I don't touch the intensity slider at all - I change all the intensities using the Luminous Flux slider, almost at the bottom, just above the Temperature.
This is for a fill light, and you can see that I generally find that I increase the setting well above the default 1500 which lights load with.
Have you tried "Scene only" in your render settings?
Mentioned in the very first sentence
Sorry, it was too early in that sentence
Yes it's set to "scene only" and yes i tried the Luminous Flux slider. It doesn't seem to do anything.
And thank you all for your input!
I have this exact same issue, have you found a fix?
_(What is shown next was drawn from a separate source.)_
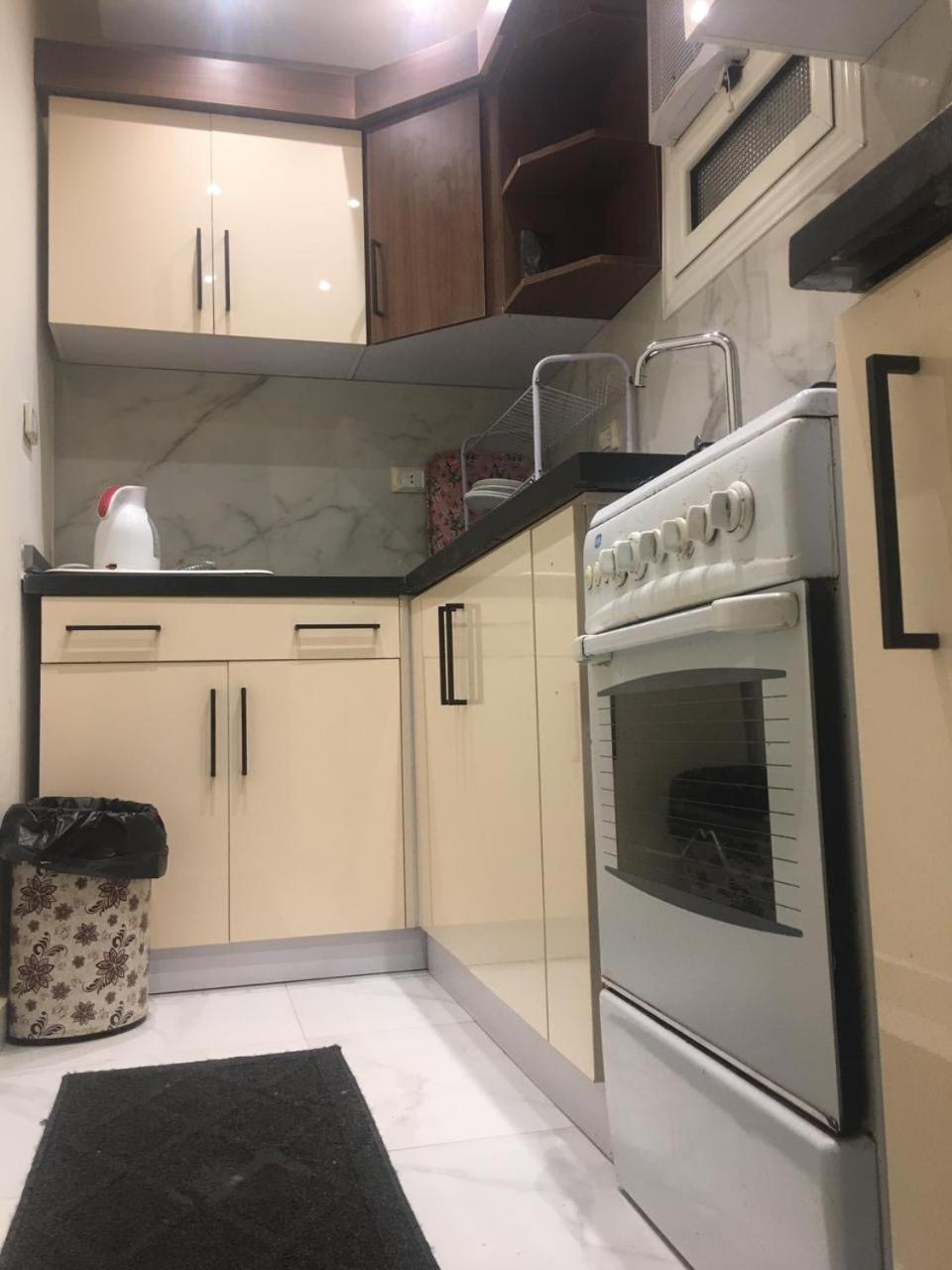 Apartment Fancy Fully Furnished Close To The Airport *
Ok, i finally got some reaction out of my lights now however i noticed:
1. I had to crank up the lumens much higher than i thought. At about 20.000 - 50.000 noticeable effects started showing. I was playing around mostly around 0 - 15.000.
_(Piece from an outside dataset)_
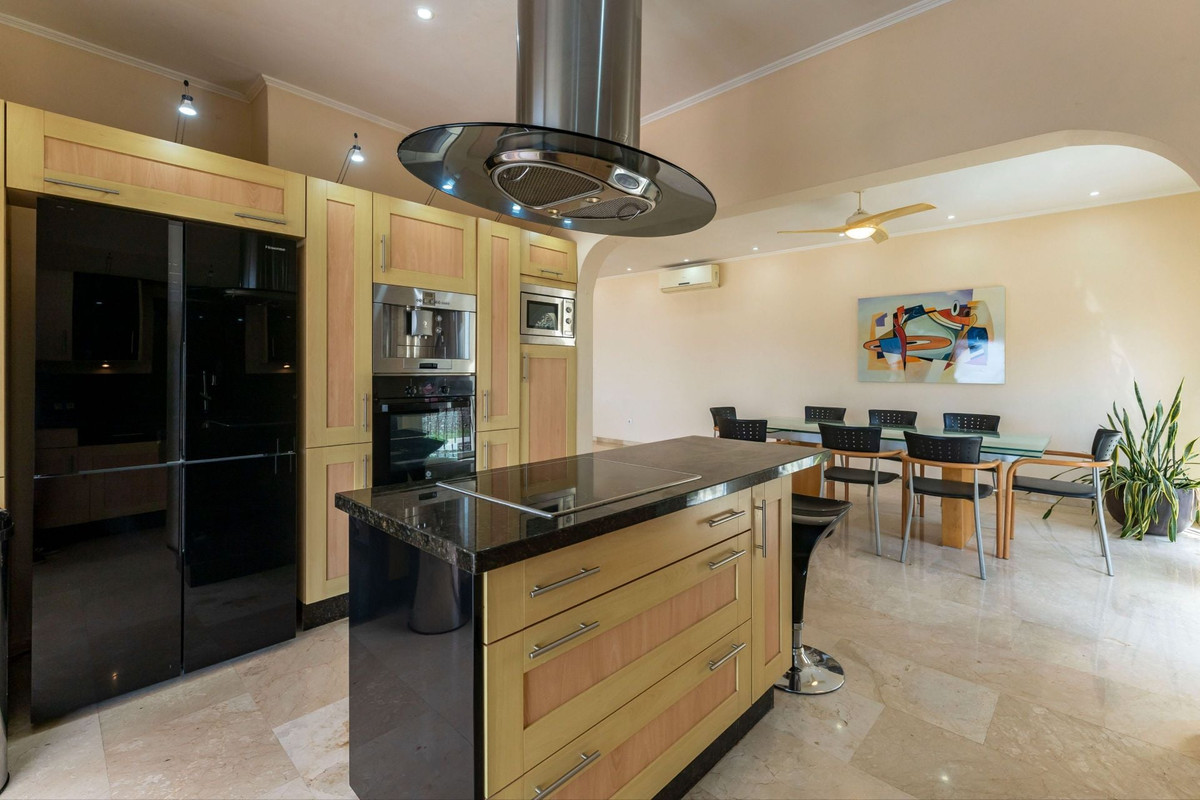 3 Bed Townhouse for sale in Cártama Costa Del Sol, Málaga, Spain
2. There where light emitting objects in the scene i hadn't noticed yet. Their light interfered extremely with my scene lighting - despite their lumens being a lot lower. When they were on, my lights seemed to do nothing, even at high lumen values. Turning some of them off allowed the lights i had placed to actually do something.
So it seems i didn't notice my scene lights because some light emitting props i hadn't noticed were shining much brighter for some reason. Also at low color temperature cranking up the lumens seems to increase the "coloration" of the scene much more than it does the actual brightness.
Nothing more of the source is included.